When Howard Dean took the stage at the DNC, he brought the house down when he ended on his now internet-famous cadence, "In Colorado, and Iowa, and North Carolina, and Michigan, and Florida, and Ohio, and Pennsylvania!”
After the applause subsided, I turned to a friend and said “remember when just yelling into a live mic disqualified you?” We both chuckled uncomfortably.
Yesterday, in a speech in North Carolina, Donald Trump, in referring to Hillary Clinton and her supreme court choices, said “… if [Hillary] gets to pick—if she gets to pick her judges, nothing you can do, folks, although the Second Amendment people, maybe there is, I don’t know.”
I don’t want to talk about what he directly said, or whether he was joking - a defense, by the way, that Jason P. Steed sternly responds to in a tweet storm on how humor legitimizes language and embeds thought. I don’t want to sit here and parse out the delicacies of a such an absurdly indelicate moment.
Because those who wish to do violence unto others rarely hang around to discuss nuance. Those being whistled at with flippant euphemisms and claims of a rigged systems and chants of “Lock Her Up” aren’t waiting for step by step instructions.
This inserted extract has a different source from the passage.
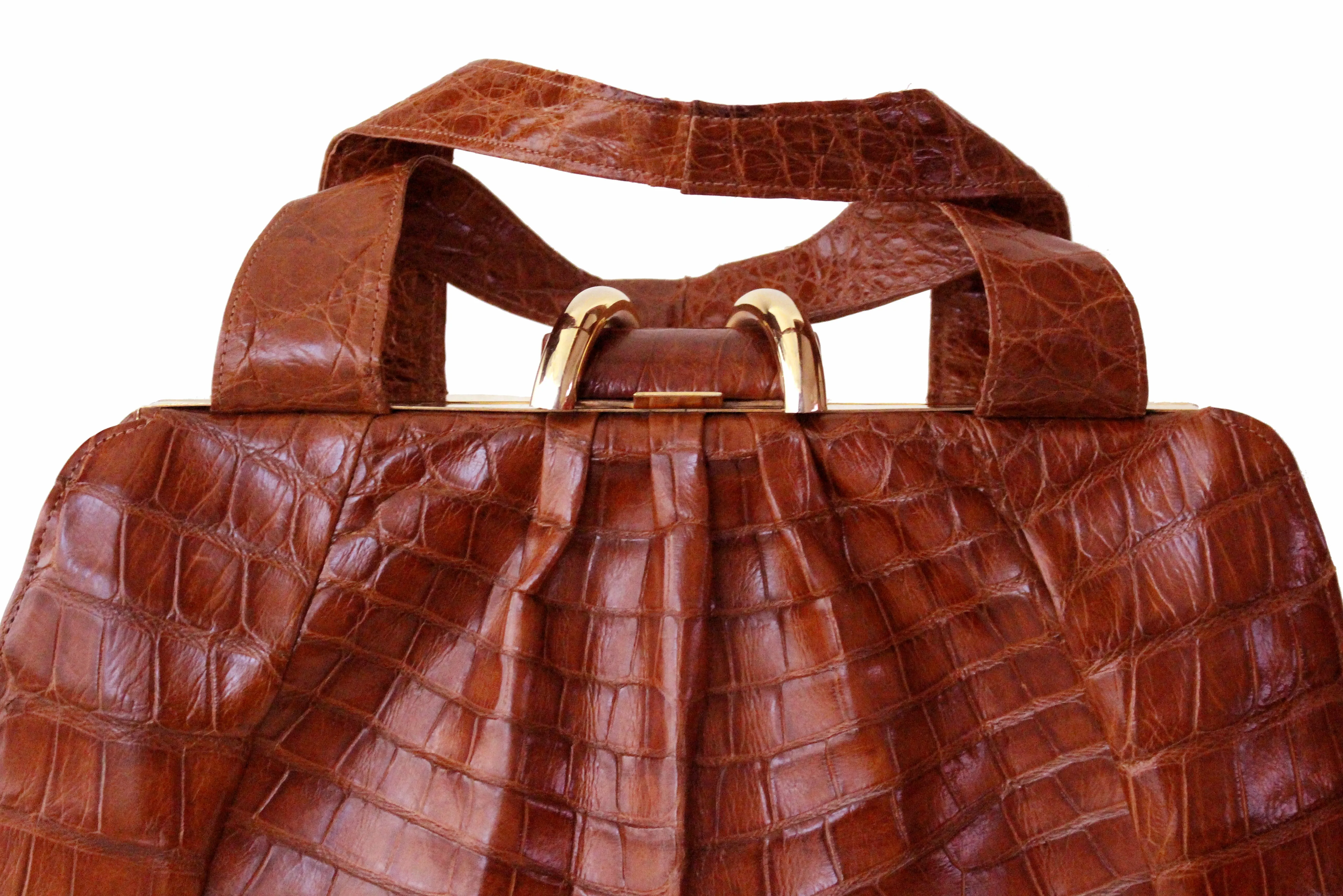 INDUSTRIA ARGENTINA cognac color gathered crocodile skin handbag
As Olivia Nuzzi writes at the Daily Beast, two months ago a British MP was shot and stabbed by an assailant quoting a slogan of a Brexit party. The Charleston shooter wrote about how reading about the Trayvon Martin killing “awakened” him. Language from online men’s rights forums were echoed in the Isla Vista shooter’s manifesto.
Words matter. In his New York Times column on the incident, Thomas Friedman compares the current political climate and that before the 1995 assassination of Israeli PM Yitzhak Rabin. Friedman quotes Chemi Shalev, a columnist for Haaretz: "There are enough people with a tendency for violence that cannot distinguish between political stagecraft and practical exhortations to rescue the country by any available means.”
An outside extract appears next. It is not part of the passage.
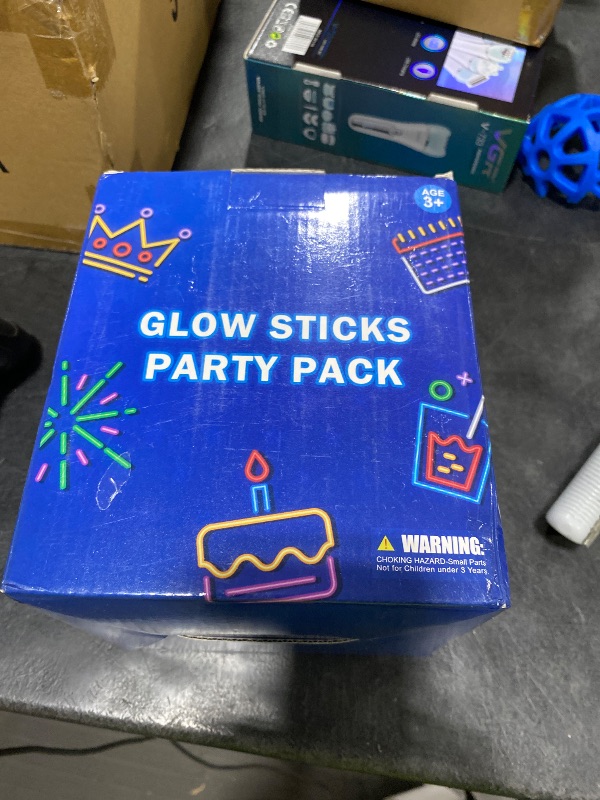 Photo 1 of 400 Ultra Bright Glow Sticks Bulk - Halloween Glow in the Dark Party Supplies Pack - 8" Glowsticks Easter Party Favors with Bracelets and Necklaces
Because you can bet that the online discussion boards in the deep alt-right web aren’t claiming, as the NRA so cynically and faux-naively insinuated in a tweet soon after, that Trump was calling for organized trips to the polls. We see how literally individuals play the tape out in the anti-semitic barrage Julia Ioffe endured after she wrote on the candidate’s wife.
As Former Rep. Gabby Giffords (D-AZ) said yesterday in a statement, "Responsible, stable individuals won’t take Trump’s rhetoric to its literal end, but his words may provide a magnet for those seeking infamy”.
Trump’s comments aren’t serving as tea-time fodder for discussions of voter organizations. His comments feed the beast, and that beast grows bigger every day.